In 1910, the currency situation in the Belgian Congo was characterized by a state-controlled monetary system designed to serve the economic and administrative interests of the colonial regime. The official currency was the Congolese franc, which was pegged at par with the Belgian franc and guaranteed by the colonial treasury. This system had been formally established in 1887 to replace the earlier use of various trade goods and foreign coins, creating a unified currency that facilitated taxation, the payment of African labour, and the integration of the colony into the wider Belgian economic sphere.
The monetary landscape was dualistic, with the official franc coexisting with a compulsory and restrictive use of token money for the African population. Most notably, the colonial administration and major concession companies paid African workers partly in
bons or metal tokens, which were only redeemable at the company store (
comptoir). This practice, combined with a head tax (
impôt de capitation) required to be paid in francs, created a coercive cycle that forced Congolese into the wage labour economy to earn the necessary currency, thereby supplying the workforce for the extraction of rubber, minerals, and other resources.

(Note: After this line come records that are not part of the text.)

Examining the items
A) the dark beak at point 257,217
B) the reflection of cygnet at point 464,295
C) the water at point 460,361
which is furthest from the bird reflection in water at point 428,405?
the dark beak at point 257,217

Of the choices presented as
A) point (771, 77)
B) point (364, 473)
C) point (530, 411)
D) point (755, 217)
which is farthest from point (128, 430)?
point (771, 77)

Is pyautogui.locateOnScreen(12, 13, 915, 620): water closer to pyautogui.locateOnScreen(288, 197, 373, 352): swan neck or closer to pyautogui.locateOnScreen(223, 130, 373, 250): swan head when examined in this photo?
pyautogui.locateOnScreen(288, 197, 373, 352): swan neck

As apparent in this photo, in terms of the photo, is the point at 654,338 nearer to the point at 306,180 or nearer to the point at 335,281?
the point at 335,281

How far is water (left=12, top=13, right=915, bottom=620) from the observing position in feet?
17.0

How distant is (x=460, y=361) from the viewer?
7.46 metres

Overall, the 1910 currency system was not a neutral medium of exchange but a key instrument of colonial policy. It ensured financial stability for European enterprises and the state, while simultaneously enforcing economic control and social subordination over the Congolese population. The structure effectively supported the extractive colonial economy by minimizing hard currency costs for companies and administratively channelling labour, reflecting the broader exploitative nature of King Leopold II’s former domain, which had only been formally annexed by Belgium two years earlier, in 1908.